Each time I decline the group invitation, a little voice in the back of my head begins to nag, muting the feeling of exhilaration I get whenever I reject anything or anyone on social media. “It’s for a good cause”, it says. “He’s only trying to help”, it says.

For a moment, my conscience lures me in, bringing me devilishly close to donating a fiver just so I can go the rest of the week being able to look the Big Issue salespeople in the eye knowing I’ve already done my part in world saving. Take your wares somewhere else, good sales-woman, my conscience is clean. Then I remember FS. Then I remember DONT WALK. Then I remember the exorbitant prices they charge for a ticket and how much I’m contributing to charity by just going to these events. My attendance at these two shows alone means I probably raise more than any of my less fashion-conscious friends who feel obliged to guilt trip anyone and everyone on the internet into giving them a couple of quid.

Then I remember I DONT go to these douchey events and so I stump up a fiver for Pudsey Bear and co. Great, I’ve given to charity. Well done, Dave! Nevertheless, I still can’t resist looking at any homeless man on the street with piercing eye contact, ashamed of nothing as I walk past, lying about my lack of change. It’s the only way I feel like ever writing about American politics. I corrected him in that I only ever write about eighteenth century American politics. Much as the Declaration of Independence and Constitution are admired as the culmination of Enlightenment thought regarding republicanism and liberty, the Constitution in particular embodies a far more interesting idea that has since been virtually forgotten.

Rather than meaninglessly extolling the wonder of human dignity, the greatness of a people, their right to the labour of others, and all the Continental claptrap that appears in almost every other similarly styled document, the Federalist Papers and the Constitution demonstrates an acknowledgement that government can be bad as well as good, and outline a unique practical attempt to architecturally avoid this unfortunate possibility.

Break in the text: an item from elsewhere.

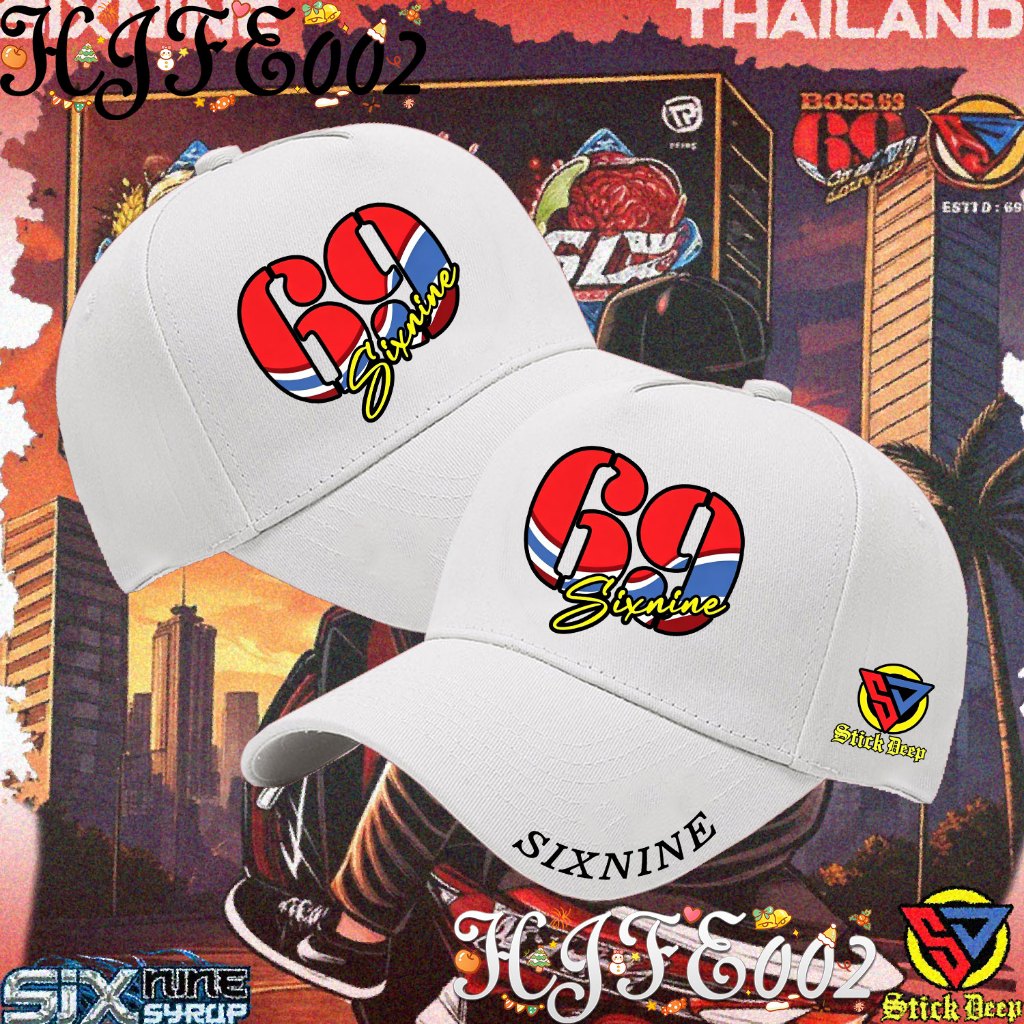 SIXNINE BOSS Thailand cap 69 พิมพ์ลายโลโก้ กันแดด กันลม หมวก Outdoor hat Unisex#02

The result was a thriving civil society that spawned the most prosperous nation in world history. Civil society involves people thinking for themselves, engaging, producing, consuming, developing and advancing culture. It does not involve forcing people to do what you want. Football clubs and cat collars count; Robin Hooding does not.

Wherein lies the heart of my libertarian propaganda; if you believe in particular practices of government, that is nothing especially bad, but neither is it anything especially good. If you just don’t care, then say so. I want to see people who fanatically don’t care, who are proudly lethargic, who engage in militant apathy. They could cooperate, volunteer or produce. Rather than scheming for control of the lives of others, they might even find themselves enjoying their own. I’m getting my money’s worth.

You may judge me if you like but should you choose to do so then something about sin and casting stones immediately springs to mind. This behaviour is no doubt tight-fisted and uncaring, but we’re all guilty of it. There’s hardly a man or woman on the planet who has bought every copy of the Big Issue, donated a little change, or signed every petitioned whenever they are asked.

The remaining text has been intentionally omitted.